The needed output is the run of lines below from the one containing "Interior view of" through the one containing "Kinderen leren lezen", copied exactly and free of pictures.

- Supplied records -
○ ○ ○ ○ ○

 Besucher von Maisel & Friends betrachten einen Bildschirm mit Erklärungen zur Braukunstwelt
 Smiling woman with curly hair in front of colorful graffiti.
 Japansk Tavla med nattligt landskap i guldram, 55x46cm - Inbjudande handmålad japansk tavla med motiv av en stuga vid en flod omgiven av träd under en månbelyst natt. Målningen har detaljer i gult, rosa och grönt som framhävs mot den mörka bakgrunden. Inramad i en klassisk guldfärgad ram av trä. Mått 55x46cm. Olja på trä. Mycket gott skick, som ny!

○ ○ ○ ○ ○

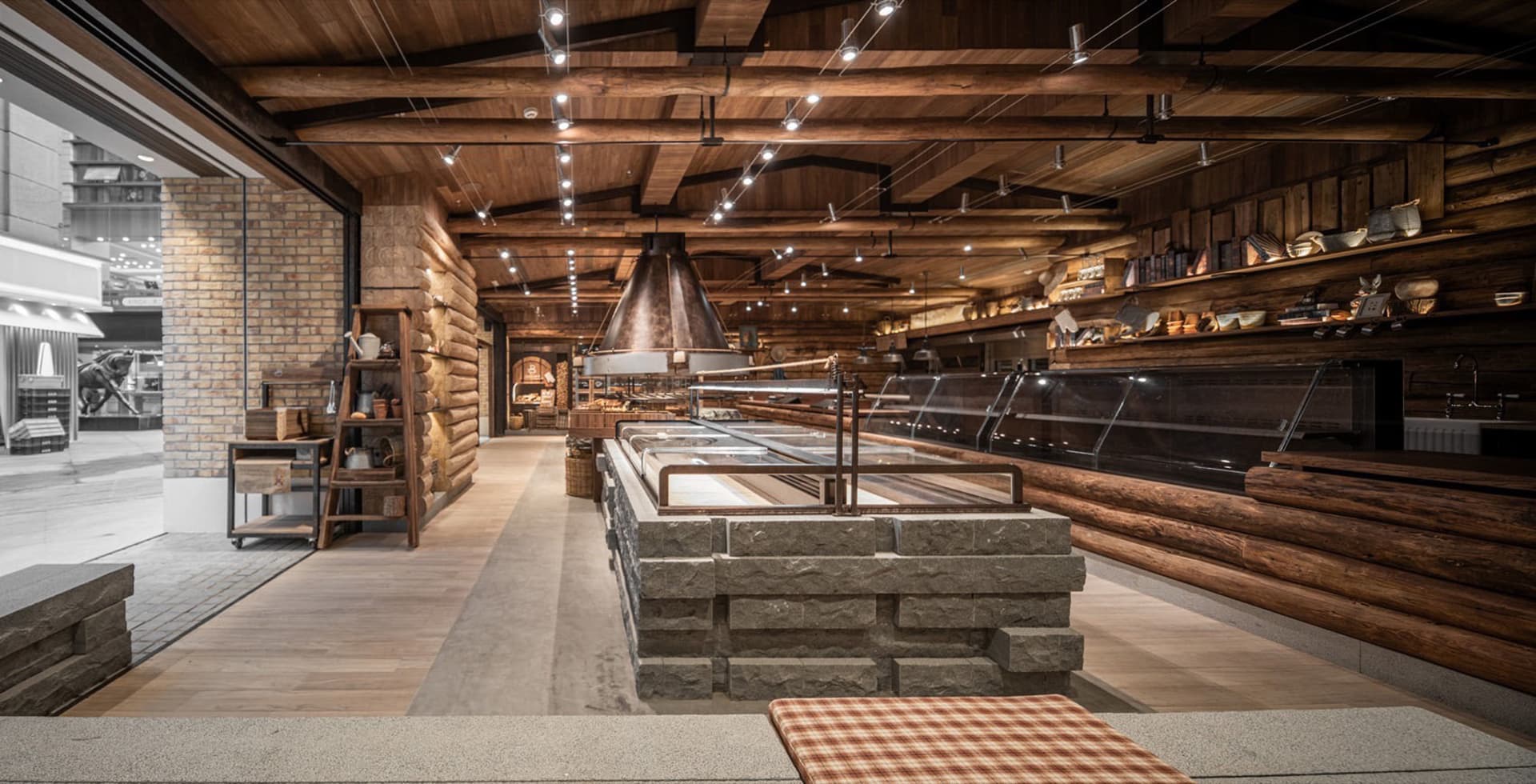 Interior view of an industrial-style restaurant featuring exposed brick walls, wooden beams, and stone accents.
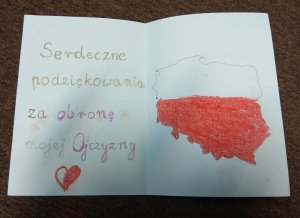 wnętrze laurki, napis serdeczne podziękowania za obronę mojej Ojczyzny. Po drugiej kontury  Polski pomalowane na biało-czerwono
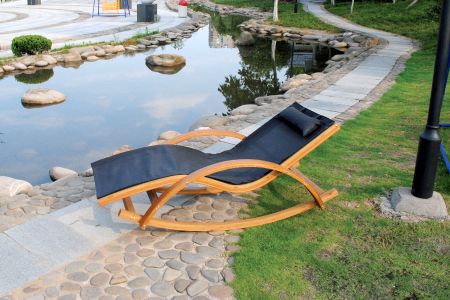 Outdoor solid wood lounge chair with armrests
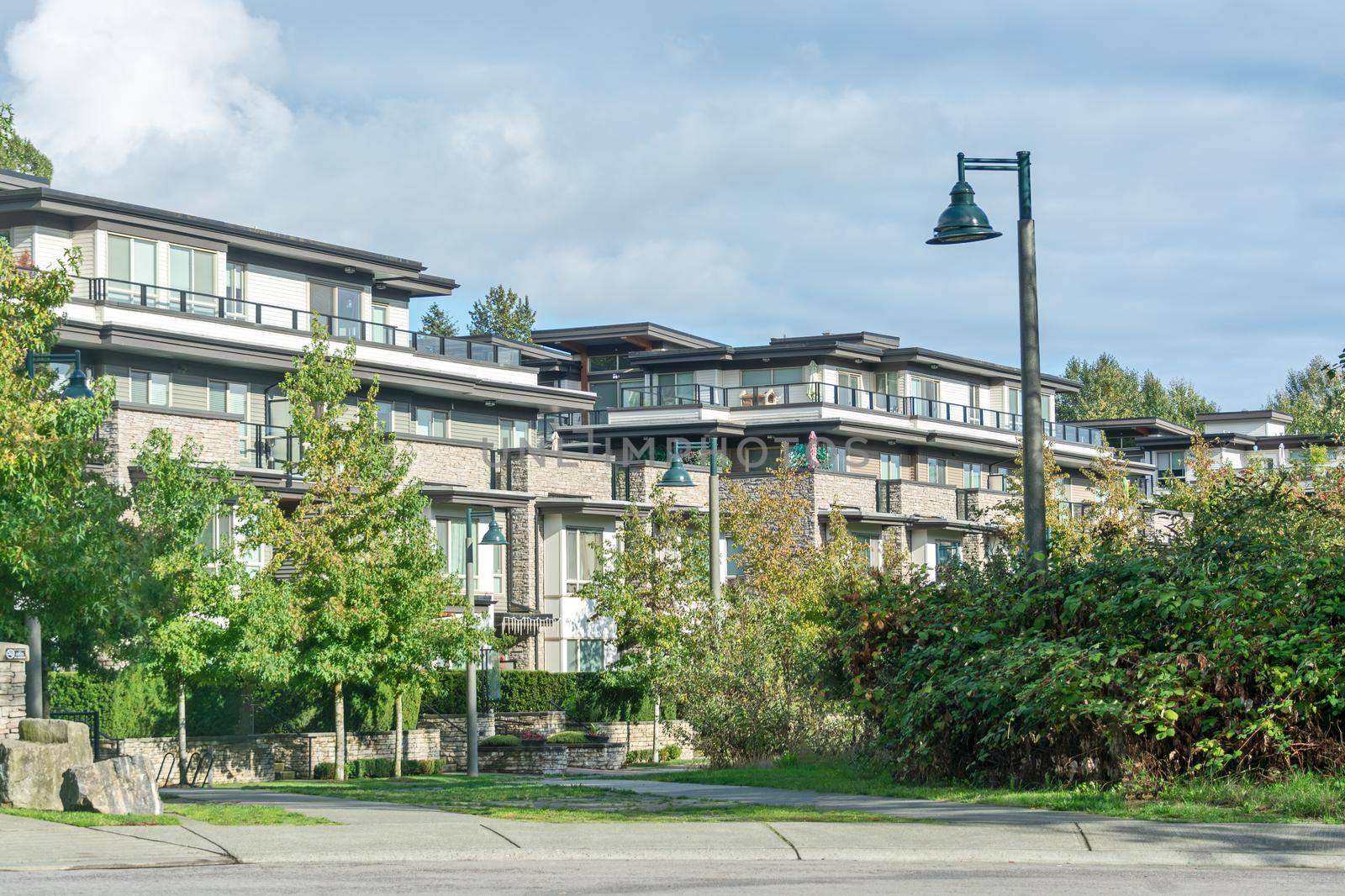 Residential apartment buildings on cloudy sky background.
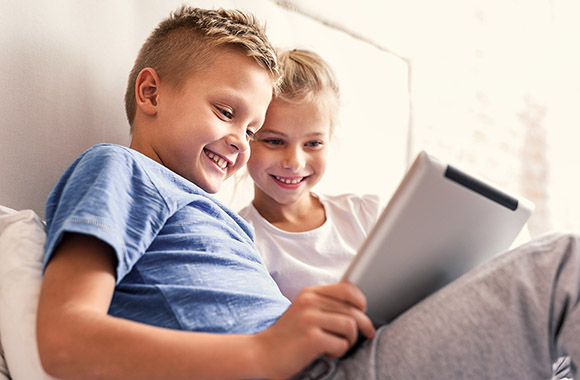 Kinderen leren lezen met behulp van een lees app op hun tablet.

○ ○ ○ ○ ○

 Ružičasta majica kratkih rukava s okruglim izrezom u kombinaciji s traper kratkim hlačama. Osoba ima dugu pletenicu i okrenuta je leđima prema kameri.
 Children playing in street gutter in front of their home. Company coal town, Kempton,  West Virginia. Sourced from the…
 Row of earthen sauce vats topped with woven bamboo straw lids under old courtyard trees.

○ ○ ○ ○ ○

- Output for this task -
 Interior view of an industrial-style restaurant featuring exposed brick walls, wooden beams, and stone accents.
 wnętrze laurki, napis serdeczne podziękowania za obronę mojej Ojczyzny. Po drugiej kontury  Polski pomalowane na biało-czerwono
 Outdoor solid wood lounge chair with armrests
 Residential apartment buildings on cloudy sky background.
 Kinderen leren lezen met behulp van een lees app op hun tablet.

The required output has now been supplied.